Aunque la noticia todavía no había llegado a televisiones, radios, ni diarios, Internet ya estaba plagado de información, pero también de desinformación. Eso es lo que pasa cuando se da un altavoz a cualquiera y no se le ponen reglas. La democratización de la comunicación que lo llaman.
Era lo que prometían en sus inicios las redes sociales, que cualquiera pudiera expresarse públicamente sin tener que pasar por el aro de los medios de comunicación millonarios para informar y estar informado.
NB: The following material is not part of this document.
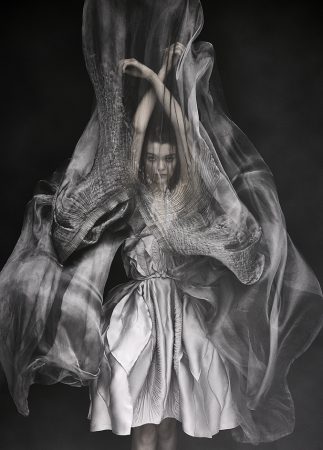 Mode-expositie in Calais: Yiqing Yin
Y, aunque parte su promesa se ha cumplido, también han permitido que un alud de contenidos manipulados, teorías de la conspiración y noticias falsas corran como Usain Bolt por todos los rincones de Internet.
Aunque la noticia de la explosión del edificio todavía no había llegado a los medios, Internet ya estaba plagado de información, pero también de desinformación
Así fue más o menos cómo se gestó el asalto al Capitolio de EEUU por unos perturbados que creen ciegamente en el falso discurso de fraude electoral orquestado por Donald Trump. En este caso, la situación se volvió tan grave que las principales redes sociales decidieron eliminar las cuentas de quien hasta ayer gobernó uno de los países más importantes del mundo durante cuatro años.
A simple vista, que Trump se haya quedado sin vías de comunicación directa con la sociedad después de impulsar revueltas violentas, contradecir recomendaciones de salud pública y negar el cambio climático parece una buena noticia. Sin embargo, en vez de solucionar la enorme problemática que envuelve a las redes sociales, la agrava aún más.
¿Quiénes son Mark Zuckerberg y Jack Dorsey para decidir qué es verdad y qué no? Ese siempre ha sido su argumento estrella para esquivar las acusaciones sobre moderación de contenido. Si suprimen la apología del terrorismo y los consejos para fomentar la anorexia, lo hacen para salvaguardar su imagen pública, no porque sientan ninguna responsabilidad sobre esa información. Por eso, la expulsión de Trump solo refuerza las acusaciones de que las redes sociales están politizadas.
Además, si Twitter y Facebook no son responsables por el contenido que alojan, ¿por qué sí pueden decidir quién publica en sus redes y quién no? Lo cierto es que, como cualquier empresa privada, pueden ejercer su 'derecho de admisión' y expulsar a los usuarios que no cumplan con sus normas de conducta, como han hecho con Trump.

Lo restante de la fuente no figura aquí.